What the exercise asks. Quote the listing below in its entirety, omitting every image.

Data.

+--

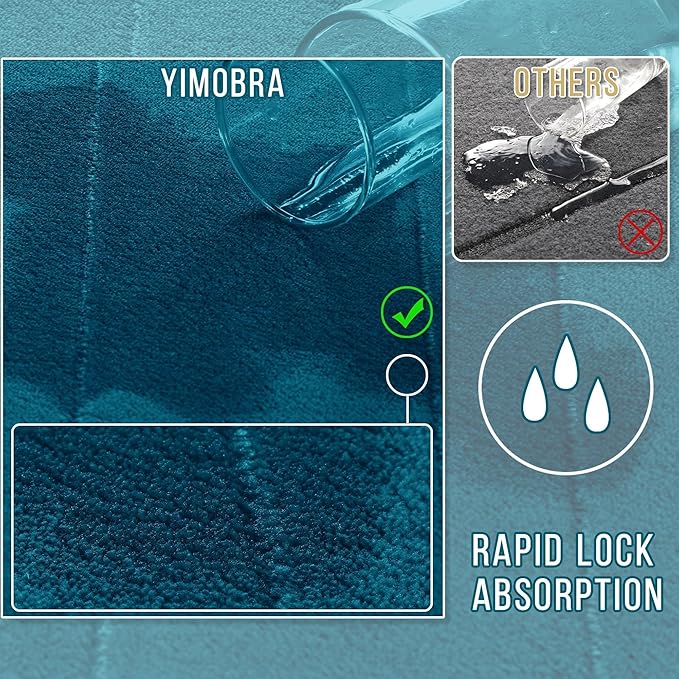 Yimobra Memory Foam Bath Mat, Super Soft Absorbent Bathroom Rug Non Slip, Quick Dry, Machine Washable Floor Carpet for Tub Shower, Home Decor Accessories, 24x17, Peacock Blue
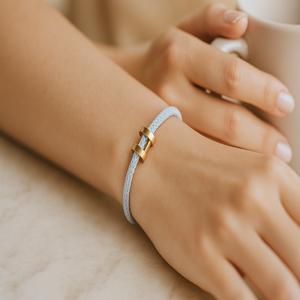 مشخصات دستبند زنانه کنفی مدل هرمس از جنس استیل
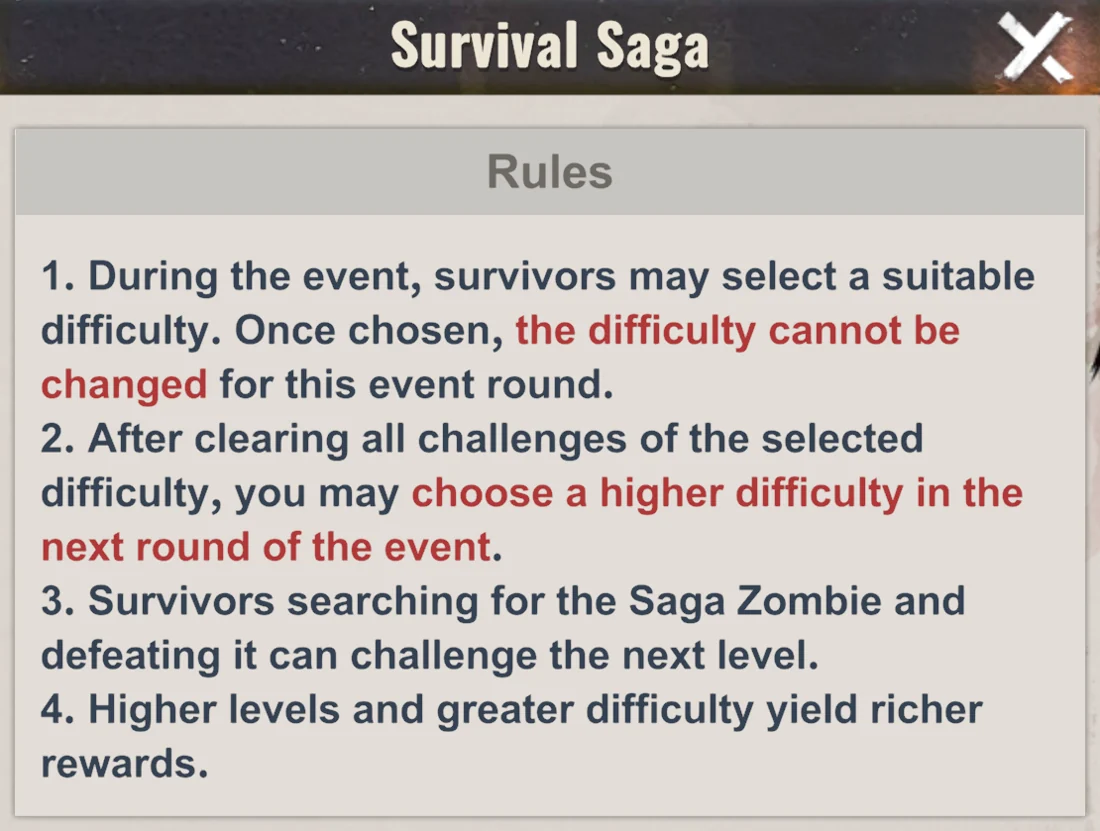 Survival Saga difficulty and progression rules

+--

Reply.
 Yimobra Memory Foam Bath Mat, Super Soft Absorbent Bathroom Rug Non Slip, Quick Dry, Machine Washable Floor Carpet for Tub Shower, Home Decor Accessories, 24x17, Peacock Blue
 مشخصات دستبند زنانه کنفی مدل هرمس از جنس استیل
 Survival Saga difficulty and progression rules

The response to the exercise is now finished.